Norwood police chief had great teacher: His dad

        His office sits in a converted garage. The roof leaks. The furniture is mismatched hand-me-downs. Smokers take butt breaks outside his door.

        But Bill Schlie couldn't be happier.

        He's honoring his father's memory. He's wearing the gold chief of police badge for the city of Norwood.

        The badge he wears, the job he holds in the city he loves show how positive things can happen when a parent sets a good example.

        The shiny shield looks very familiar to Chief Schlie. It's just like the badge his dad wore when he was Nor wood's chief.

        Bill Schlie brings to Norwood's top cop spot an understanding of his hometown and a clear picture of how to be a good chief. This knowledge has been passed down from father to son.

        “If I'm 60 percent of the chief my dad was, ” he told me, “I'm going to do a good job.

        “He knew Norwood. He loved the people. He made me what I am today.”

Like father, like son
        Harry Schlie served as Norwood's chief from 1969 until his death in 1974.

        His son is settling into his third week as chief. But he's hardly a newcomer to Cincinnati's centrally located neighbor or its police department.

        Bill Schlie has lived in Norwood all of his 53 years. He's spent the last 32 on the town's police force, working his way through the ranks from patrolman to lieutenant and now chief.

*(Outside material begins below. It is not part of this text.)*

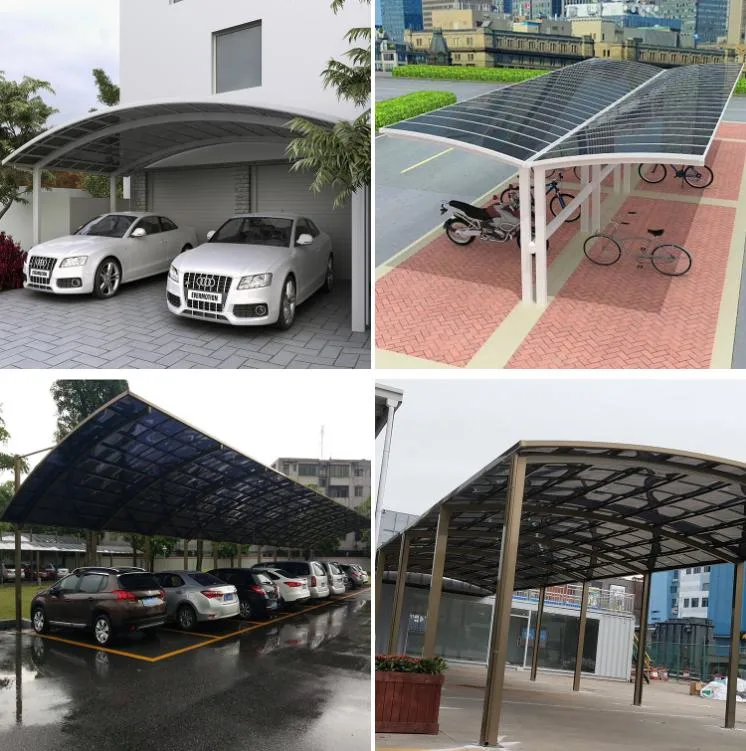 Flat Pack Carport Prefabricated Solar Carport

        He hopes to bring stability to a job whose office was ready to be fitted with a revolving door. He is Nor wood's fourth police chief in less than a year.

        Controversy and retirements contributed to the high turnover rate. Norwood's force of 48 officers wondered almost daily who was in charge.

        “The uncertainty's over,” the chief said.

        “I'm no caretaker. I'm here to stay.”


        He looked across his desk in the small office tucked behind Norwood's City Hall. The former garage stands a half-block from the chief's alma mater, Norwood High School.

        Chief Schlie's gaze left no room for doubt. His eyes are deep and piercing, brown in color and uncompromising in their directness. His father had those same eyes.

        “He didn't have to say a word to his family or his officers,” the chief said. “You could tell by looking in his eyes if he was disappointed.

        “By the same token, you could also look in his eyes and tell how proud he was of you.”

        Harry Schlie would be proud of his family. It's close-knit and populated with policemen.

        Harry's sons, Bill, Chuck, Harry Jr. and Denny, became cops. So did his late son-in-law, Michael Stafford.

        Now, a third generation of the family is on the job. Joshua Dennis Schlie, Bill's son, is a police officer in Butler County.

        “It all revolves from my dad,” Bill Schlie said. “The way he was admired in Norwood. The way he cared about the city and the citizens. The way he understood the responsibilities that come with the job.”

        Chief Schlie recalled speaking with his father about becoming a cop. His

        dad talked with him about the sacred trust of upholding the law and protecting civilians, his fellow officers and himself.

        He told him “to treat the people, the citizens, just as you would want to be treated. Show them respect. Always. It shows you want respect in return.”

        His advice “went down the line to his sons. So, it was our desire to follow in his footsteps.”

        The night Bill Schlie learned he was going to follow his dad's lead, he called his brother, Denny, a retired Norwood police captain.

        After his brother's phone call, Denny Schlie placed a photo of their father on his kitchen table.

        “I'll bet you're proud tonight, dad,” Denny said to the photo.

        “I hope Billy does the same good job that you did.”

        The people of Norwood have nothing to worry about there. They have the good fortune to have Bill Schlie as their police chief.

        He knows what is expected of him. The rules have been passed down from father to son.